FAQ

On Wed, Mar 31, 2010 at 7:43 AM, Ask Bjørn Hansen wrote:
The main point here is that we can't use 20 inodes per distribution.
so don't. How much reengineering would be needed to keep CPAN in a
database instead of a file system?

Search Discussions

  • David Precious at Apr 1, 2010 at 9:50 am

    On Thursday 01 April 2010 05:39:27 David Nicol wrote:
    On Wed, Mar 31, 2010 at 7:43 AM, Ask Bjørn Hansen wrote:
    The main point here is that we can't use 20 inodes per distribution.
    so don't.
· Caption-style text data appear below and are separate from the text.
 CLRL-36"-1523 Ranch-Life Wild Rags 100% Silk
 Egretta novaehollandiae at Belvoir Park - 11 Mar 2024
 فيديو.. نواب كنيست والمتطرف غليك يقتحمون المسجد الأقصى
How much reengineering would be needed to keep CPAN in a
    database instead of a file system?
    It'd mean each and every mirror operator changing how they sync their mirrors,
    and how access is provided...

    Currently, it's dead simple to sync a copy of CPAN via rsync, offer it up via
    whatever combination of HTTP, FTP and rsync you prefer, and job done - you're
    doing a valuable public service by offering a CPAN mirror.
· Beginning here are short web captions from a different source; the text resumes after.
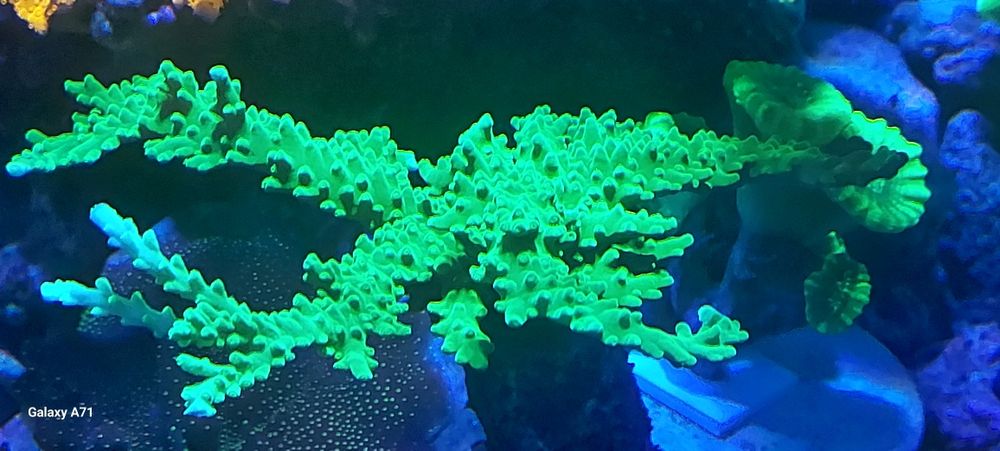 Diversos corais para venda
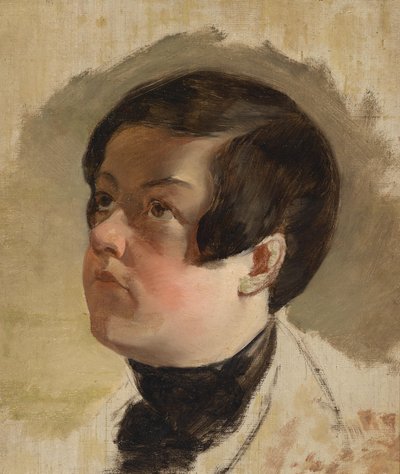 Study of a Boy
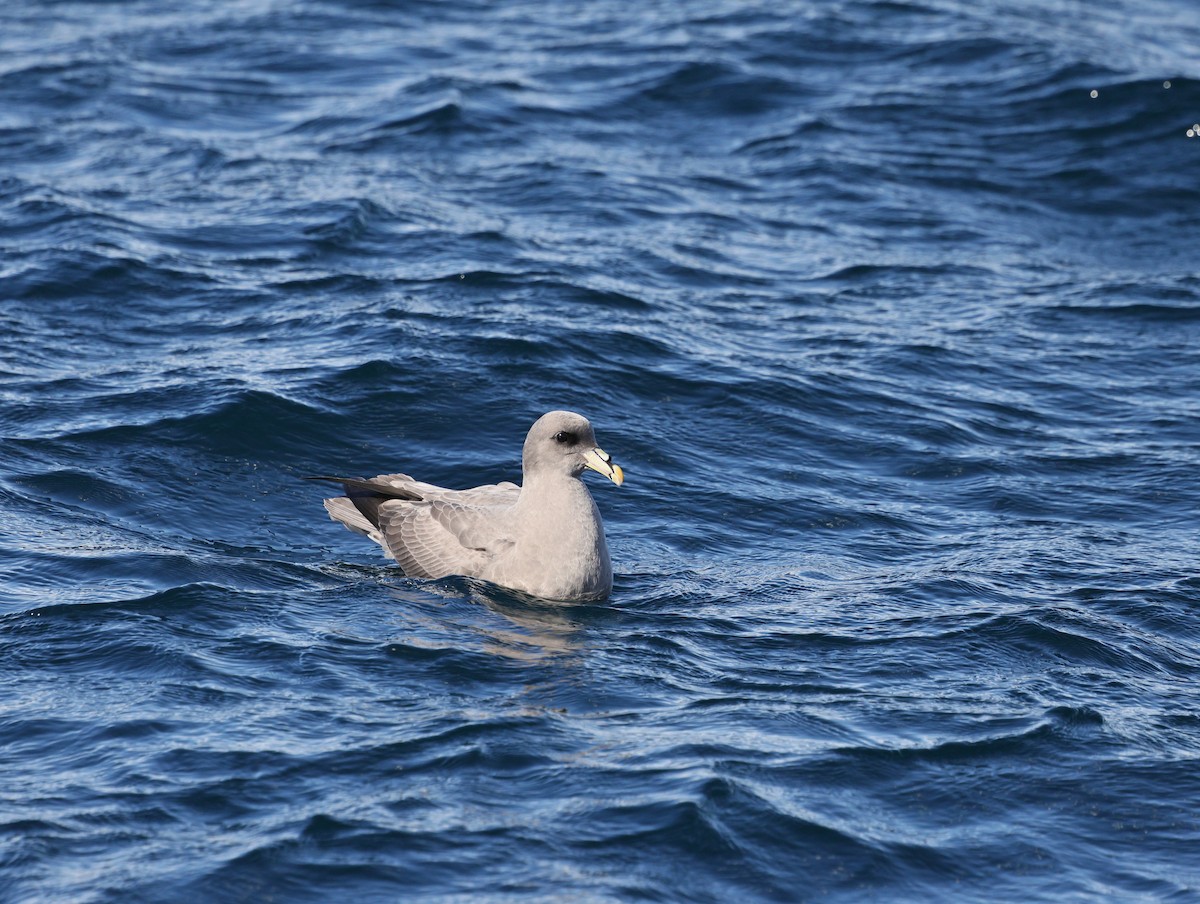 Fulmar Boreal - ML644573041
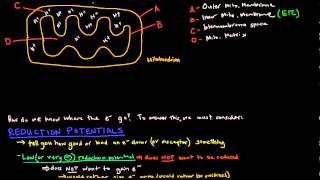 Electron Transport Chain Part 1 of 3  Introduction and Reduction Potentials [upl. by Ttirb223]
    Make that process a lot harder (setting up database replication, custom
    scripts, etc etc) and a lot of people just won't do it.

    There's a lot to be said for keeping things simple.

    (FWIW, I run mirrors.uk2.net, and appreciated the fact it was simple and easy
    to get a mirror up and running without investing much time at all.
    Personally, I have no real problem with the current size of CPAN or the
    overhead of updating via rsync, but that's just my opinion.)

    Cheers

    Dave P
  • Eakin, Lee at Apr 1, 2010 at 4:16 pm
    Much of this discussion is beyond my depth but in terms of keeping it
    simple, and trying to limit the stat calls on the upstream servers,
    what about DNS as a replication model? You could break up the tree at
    logical divisions similar to zones and assign them serial numbers
    (say a .serial file) and then still use rsync, but broken up into modules to
    avoid recursion into sub-trees where the serial number is up to date?
    The rsyncd.conf could be published also so replicas use the same
    include/exclude logic.
    -lee
  • Arthur Corliss at Apr 1, 2010 at 5:49 pm
  • Ask Bjørn Hansen at Apr 1, 2010 at 10:58 pm

    On Apr 1, 2010, at 19:49, Arthur Corliss wrote:

    I've made a viable suggestion, and offered some time to work on it. But
    you've made it abundantly clear that it's not welcome.
    Talk = ZzZz.
    Code = Interesting.
    Deployment = Useful.


    - ask
  • Arthur Corliss at Apr 1, 2010 at 11:55 pm
  • Ask Bjørn Hansen at Apr 1, 2010 at 11:13 pm
    On Apr 1, 2010, at 19:49, Arthur Corliss wrote:

    I can't believe I'm doing this, but ...
    The main point here is that we can't use 20 inodes per distribution. It's Just Nuts. Sure, it's only something like 400k files/inodes now - but at the rate it's going it'll be a lot more soon enough.
    Thats a problem, but not likely the biggest drag on server I/O you're
    suffering. Might that be <ahem> rsync?
    That reply doesn't even make sense.
    HOWEVER: Right now more of those are wasted on other things (.readme files, symlinks, ...) -- some of which have solutions in progress already.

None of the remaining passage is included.